### YOUR ASSIGNMENT
Exclude pictures and give again exactly the lines of the listing, beginning with its first line and ending with the one that contains "Извит 127cм 936W".

-=-=-=-=-

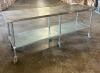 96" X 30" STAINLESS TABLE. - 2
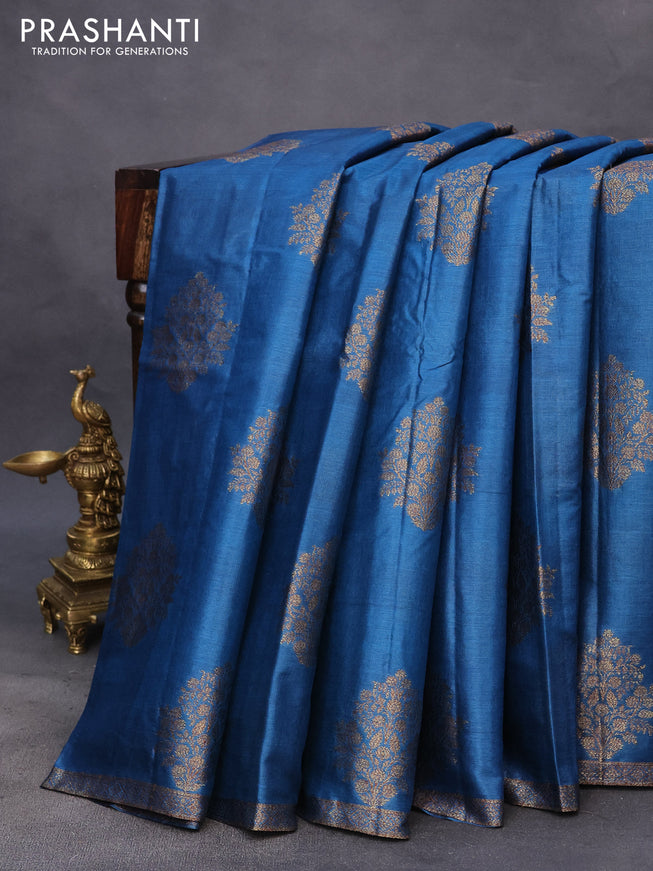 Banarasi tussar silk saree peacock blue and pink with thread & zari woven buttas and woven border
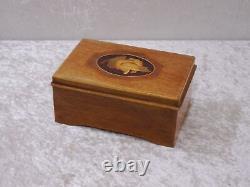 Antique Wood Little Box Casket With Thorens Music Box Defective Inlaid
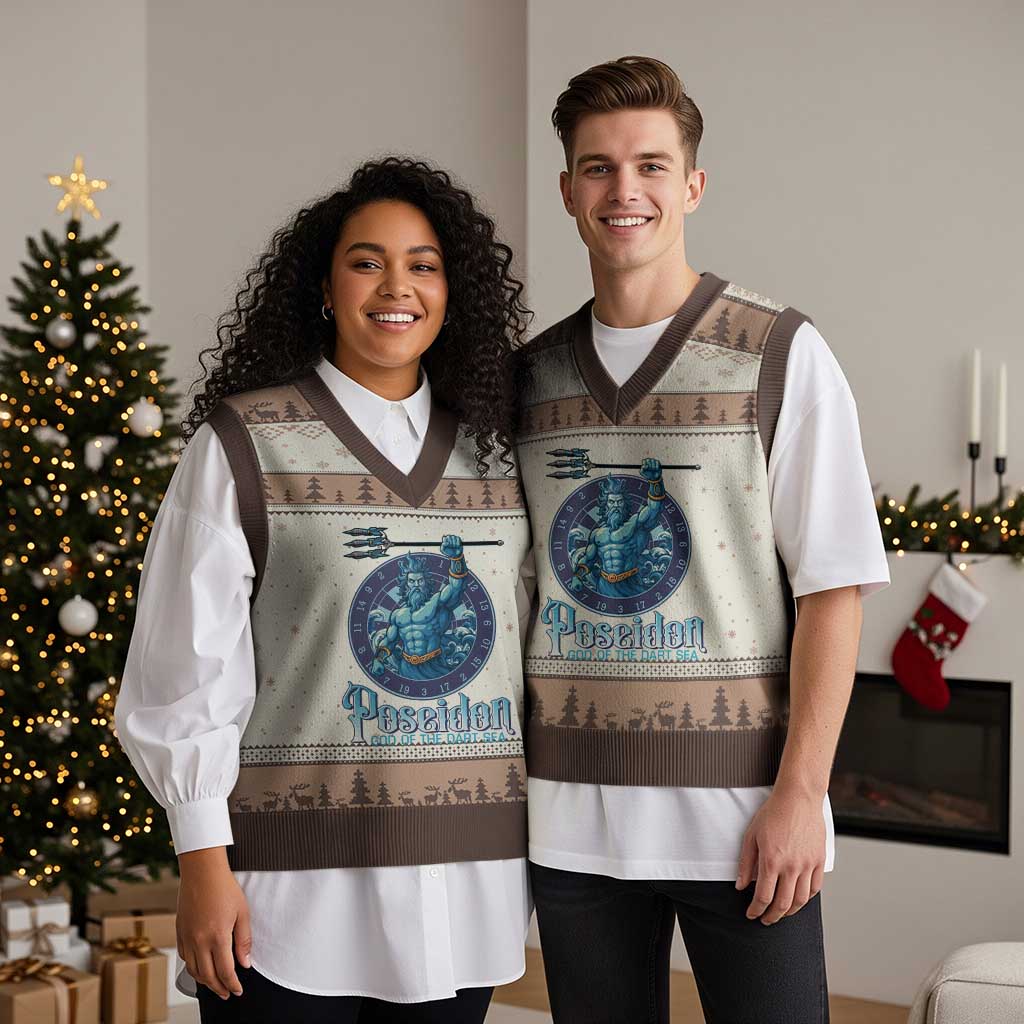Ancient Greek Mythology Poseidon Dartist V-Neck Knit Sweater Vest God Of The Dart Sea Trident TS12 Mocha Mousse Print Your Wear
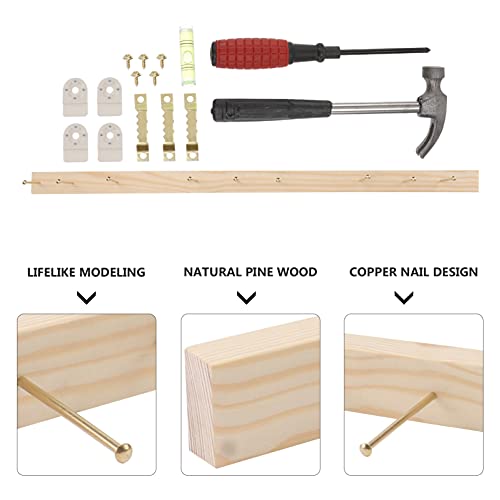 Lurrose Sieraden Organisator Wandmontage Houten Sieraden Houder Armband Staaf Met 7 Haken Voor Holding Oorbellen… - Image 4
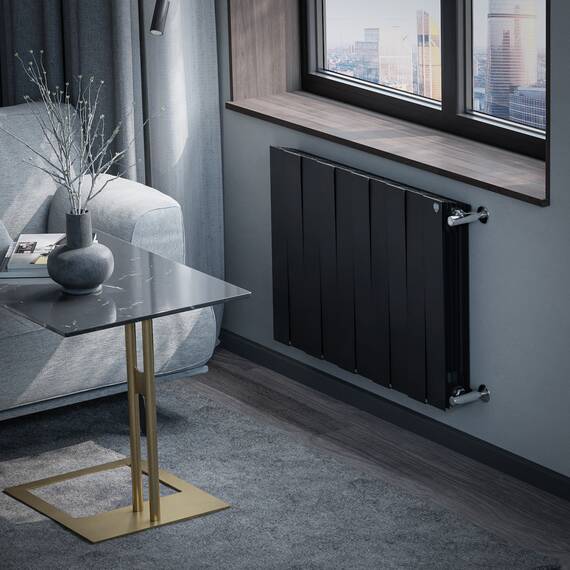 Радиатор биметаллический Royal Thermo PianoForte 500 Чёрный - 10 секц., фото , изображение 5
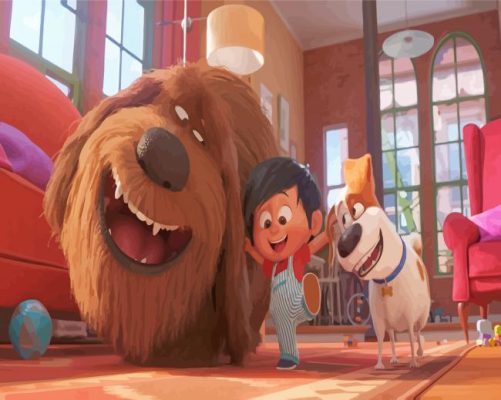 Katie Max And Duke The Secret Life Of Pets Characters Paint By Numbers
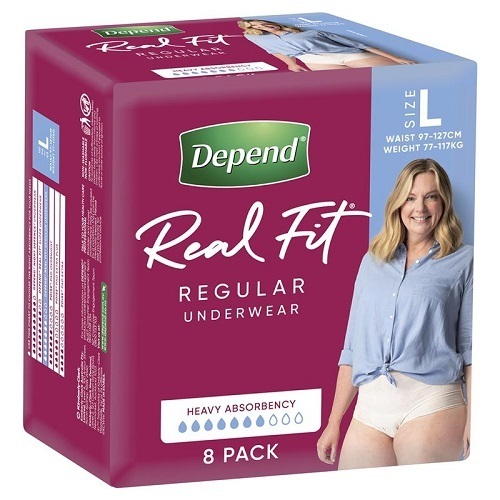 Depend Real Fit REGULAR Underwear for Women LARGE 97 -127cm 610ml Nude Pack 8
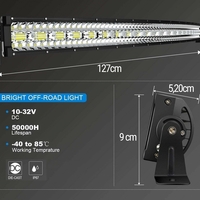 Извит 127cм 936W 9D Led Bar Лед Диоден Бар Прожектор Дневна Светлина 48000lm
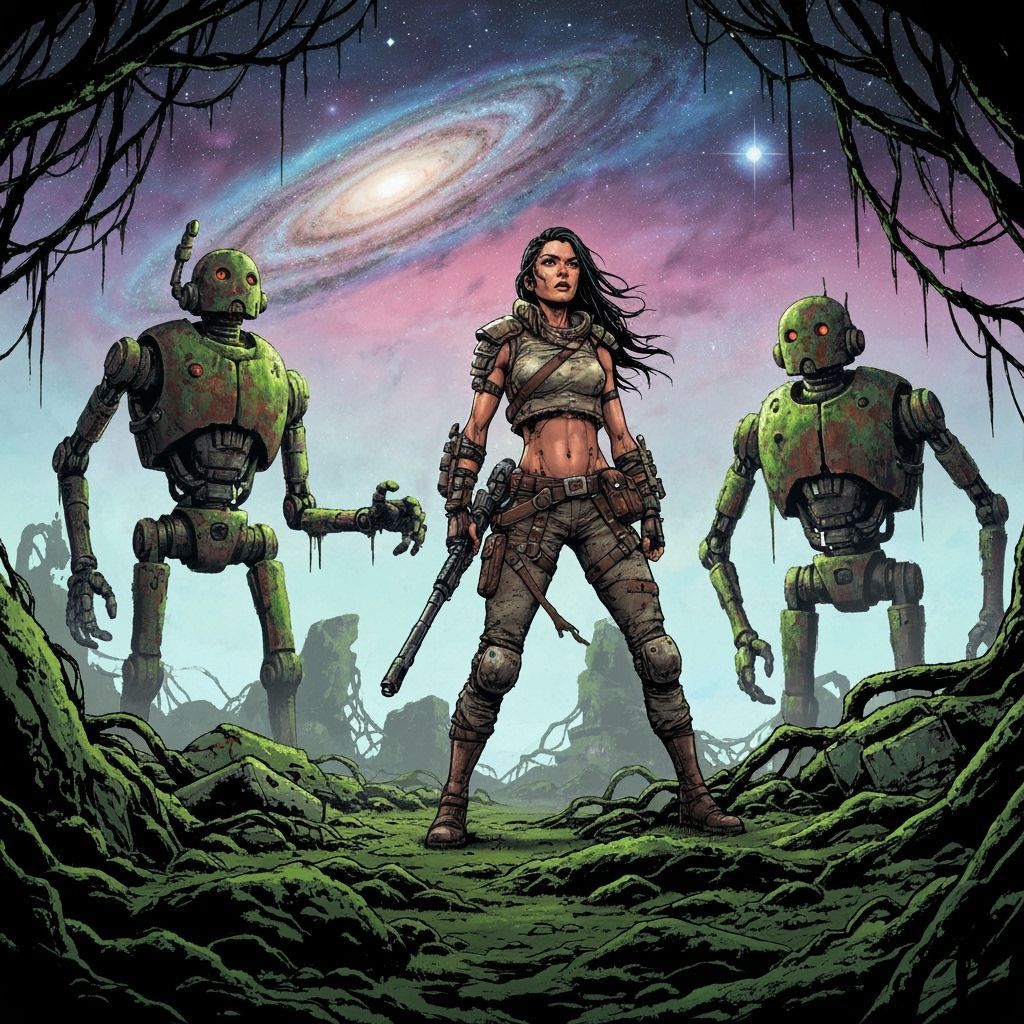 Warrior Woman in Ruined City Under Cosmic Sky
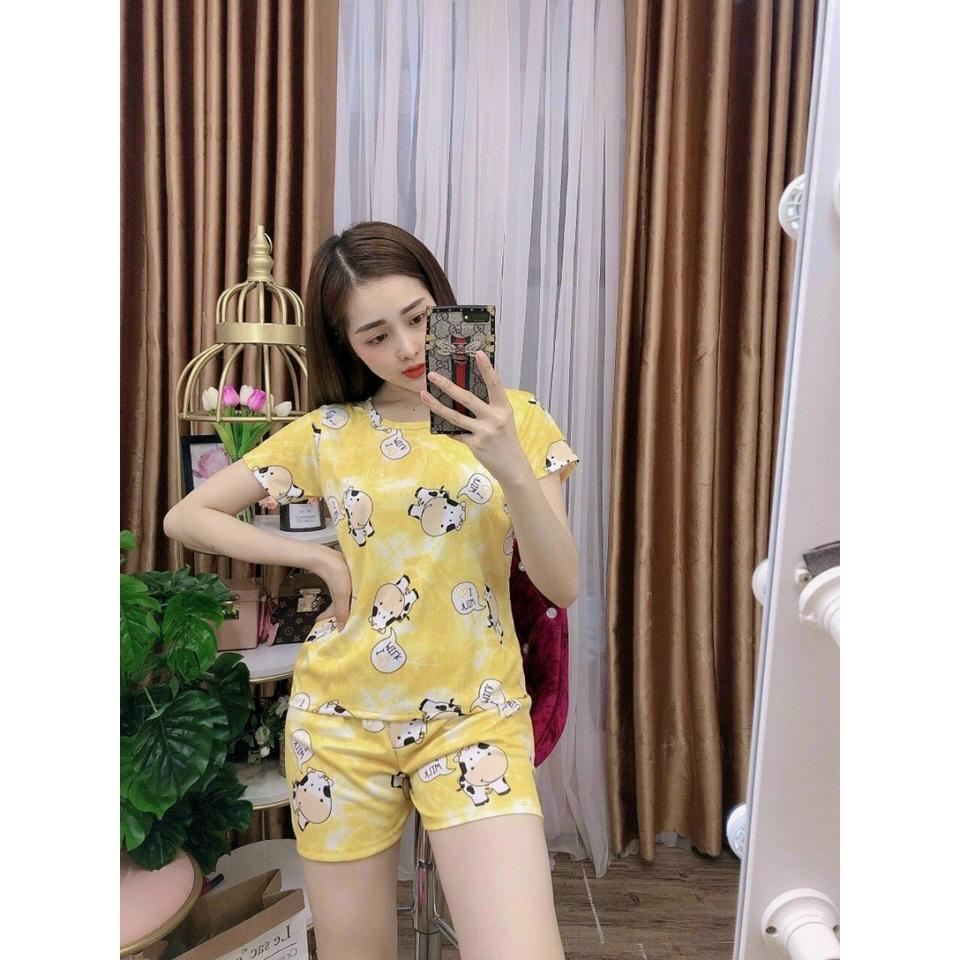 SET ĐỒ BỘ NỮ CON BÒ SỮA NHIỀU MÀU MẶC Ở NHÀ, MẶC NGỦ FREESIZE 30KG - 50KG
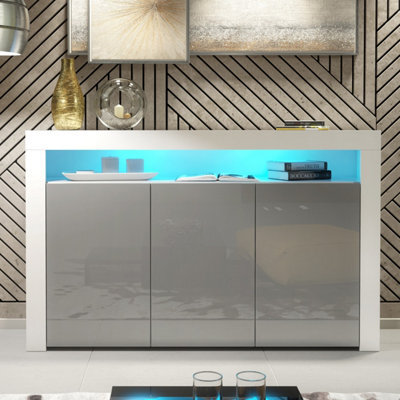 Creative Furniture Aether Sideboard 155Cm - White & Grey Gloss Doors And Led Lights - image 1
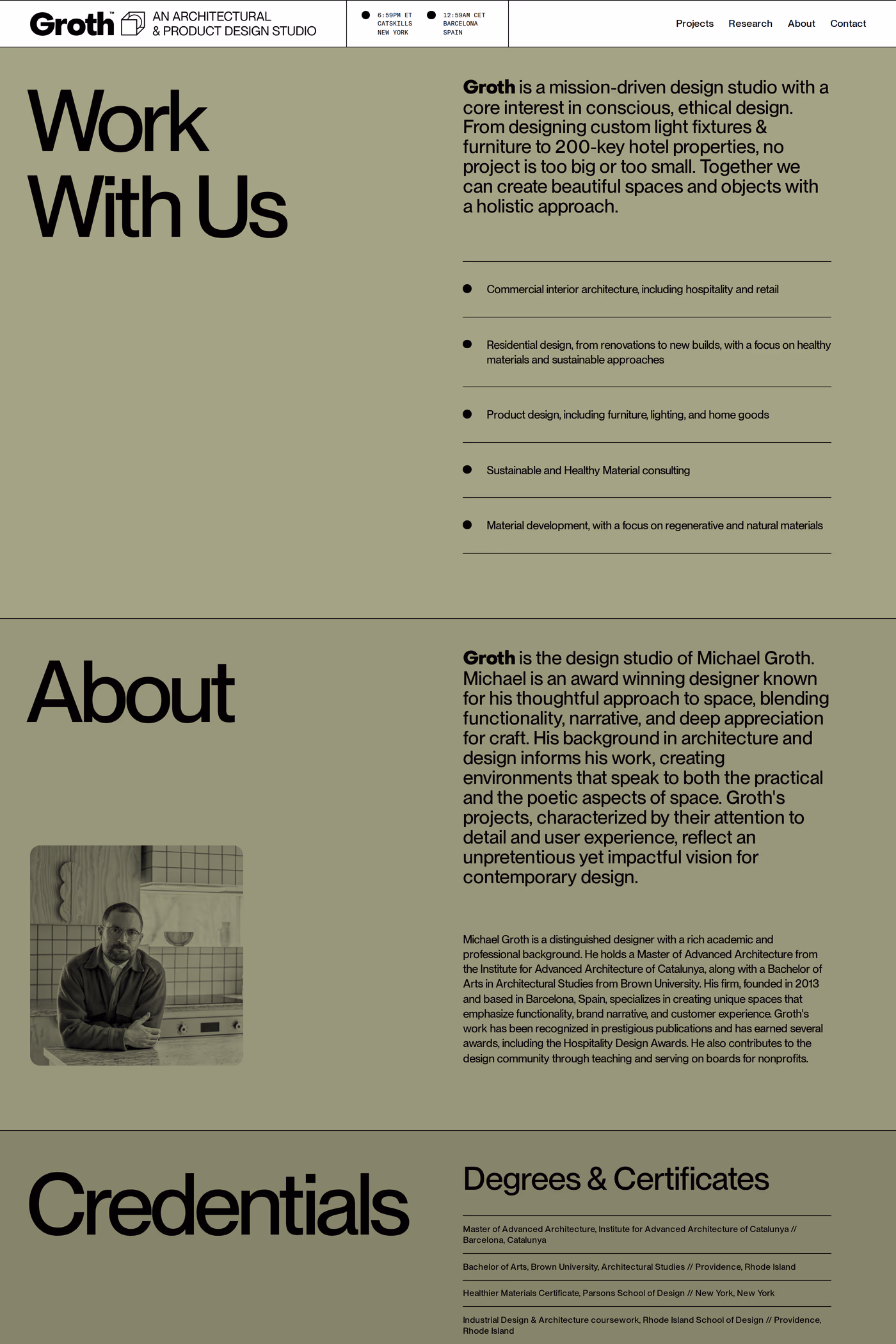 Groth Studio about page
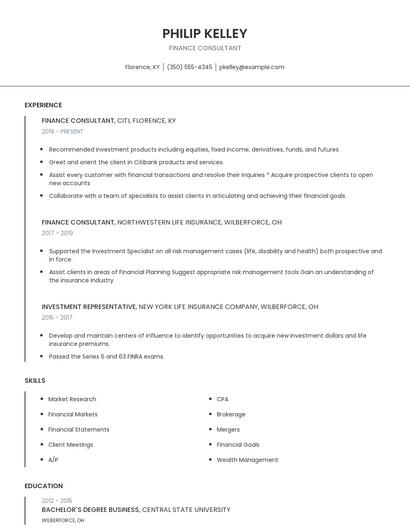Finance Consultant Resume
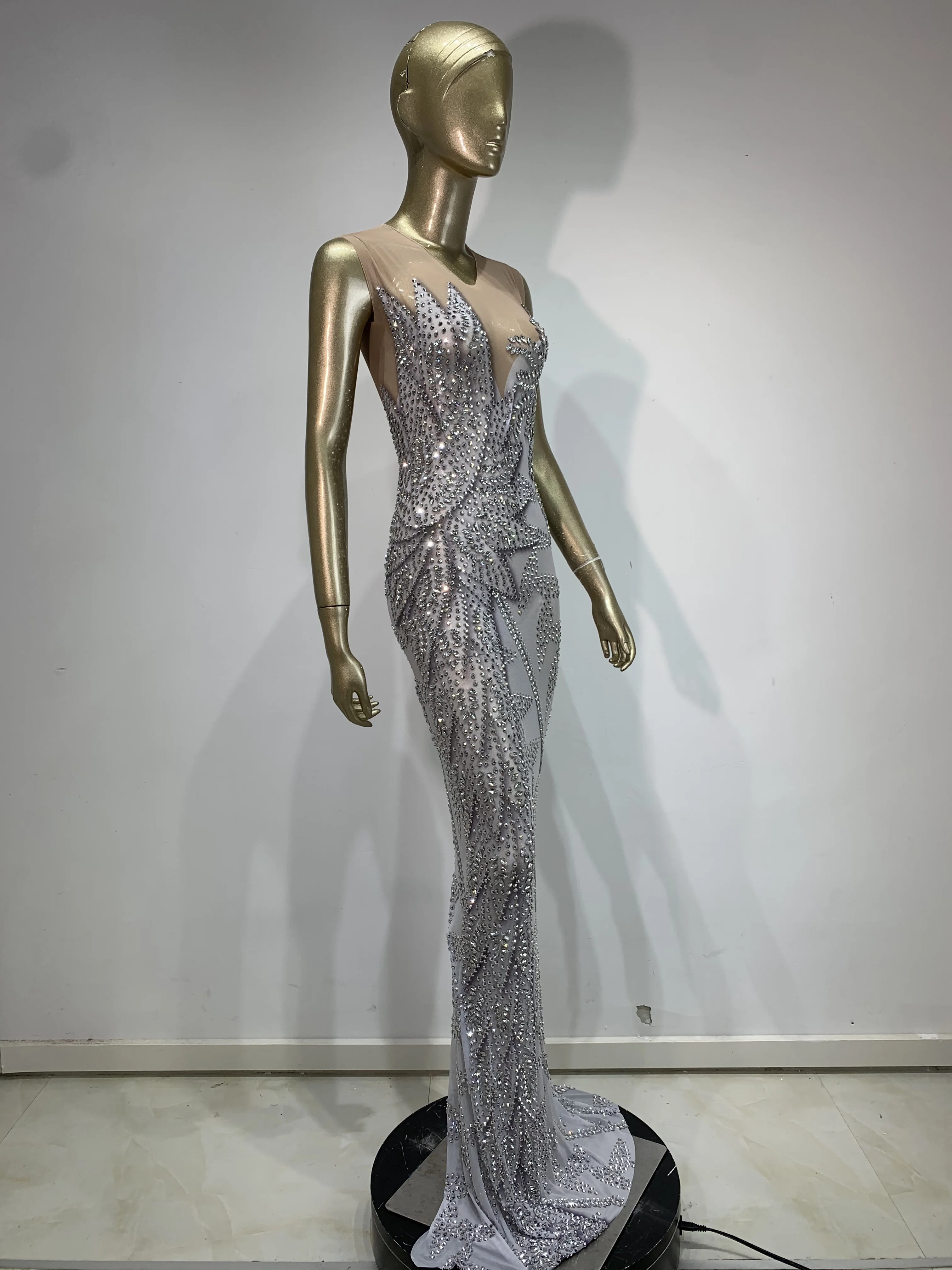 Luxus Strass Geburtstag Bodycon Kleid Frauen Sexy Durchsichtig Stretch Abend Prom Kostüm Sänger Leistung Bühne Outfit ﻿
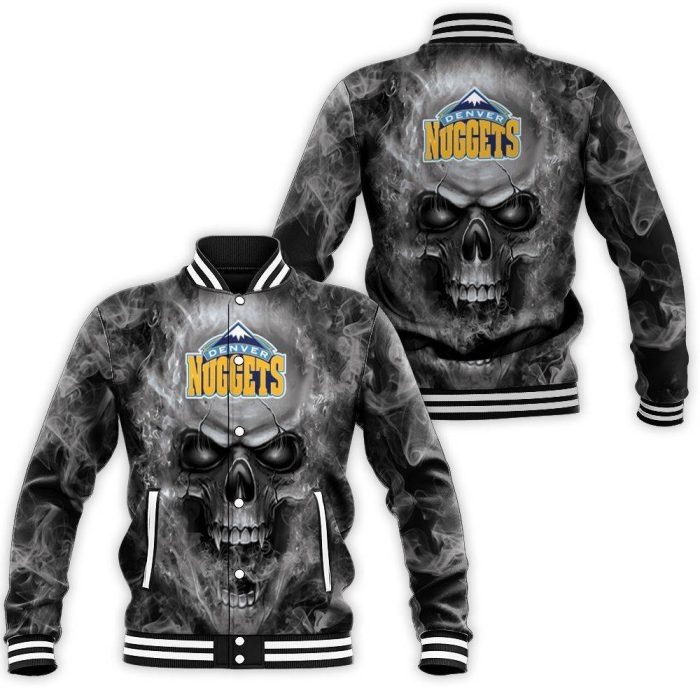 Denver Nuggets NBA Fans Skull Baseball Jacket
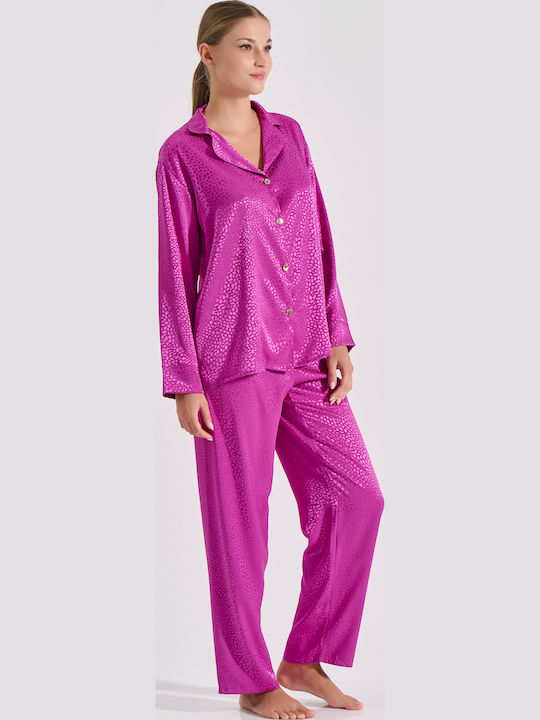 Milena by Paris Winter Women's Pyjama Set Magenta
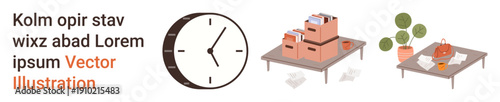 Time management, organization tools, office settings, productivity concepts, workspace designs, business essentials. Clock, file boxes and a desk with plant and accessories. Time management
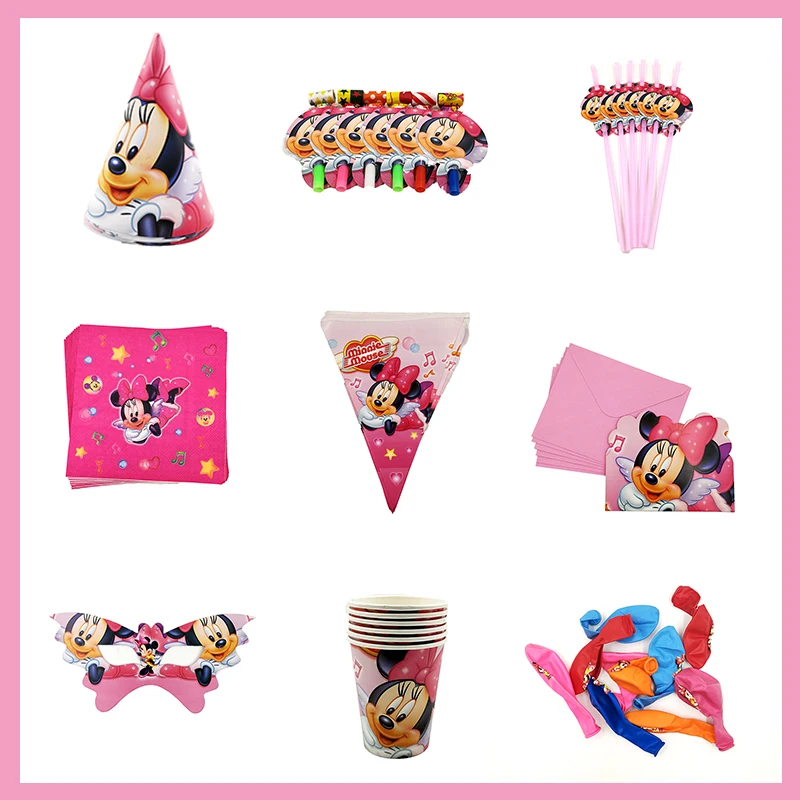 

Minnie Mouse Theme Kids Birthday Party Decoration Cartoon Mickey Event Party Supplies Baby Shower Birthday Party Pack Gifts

-=-=-=-=-

### OUTPUT
 96" X 30" STAINLESS TABLE. - 2
 Banarasi tussar silk saree peacock blue and pink with thread & zari woven buttas and woven border
 Antique Wood Little Box Casket With Thorens Music Box Defective Inlaid
Ancient Greek Mythology Poseidon Dartist V-Neck Knit Sweater Vest God Of The Dart Sea Trident TS12 Mocha Mousse Print Your Wear
 Lurrose Sieraden Organisator Wandmontage Houten Sieraden Houder Armband Staaf Met 7 Haken Voor Holding Oorbellen… - Image 4
 Радиатор биметаллический Royal Thermo PianoForte 500 Чёрный - 10 секц., фото , изображение 5
 Katie Max And Duke The Secret Life Of Pets Characters Paint By Numbers
 Depend Real Fit REGULAR Underwear for Women LARGE 97 -127cm 610ml Nude Pack 8
 Извит 127cм 936W 9D Led Bar Лед Диоден Бар Прожектор Дневна Светлина 48000lm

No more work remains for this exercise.